Note
Access to this page requires authorization. You can try signing in or changing directories.
Access to this page requires authorization. You can try changing directories.
CNTK matrix product.
A * B
Times (A, B, outputRank=1)
TransposeTimes (A, B, outputRank=1)
Parameters
Afirst argument of matrix product. Can be a time sequence.Bsecond argument of matrix product. Can be a time sequence.outputRank(default: 1): number of axes ofAthat constitute the output dimension. See 'Extended interpretation for tensors' below.
Return Value
Resulting matrix product (tensor). This is a time sequence if either input was a time sequence.
Description
The Times() function implements the matrix product, with extensions for tensors. The * operator is a short-hand for it. TransposeTimes() transposes the first argument.

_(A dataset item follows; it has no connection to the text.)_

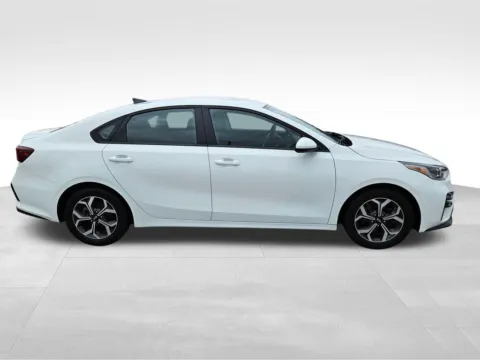 More photos of 2020 Kia Forte LXS at Gregg Young Plattsmouth, NE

If A and B are matrices (rank-2 tensor) or column vectors (rank-1 tensor), A * B will compute the common matrix product, just as one would expect.
TransposeTimes (A, B) computes the matrix product A^T * B, where ^T denotes transposition. TransposeTimes (A, B) has the same result as Transpose (A) * B, but it is more efficient as it avoids a temporary copy of the transposed version of A.
Time sequences
Both A and B can be either single matrices or time sequences. A common case for recurrent networks is that A is a weight matrix, while B is a sequence of inputs.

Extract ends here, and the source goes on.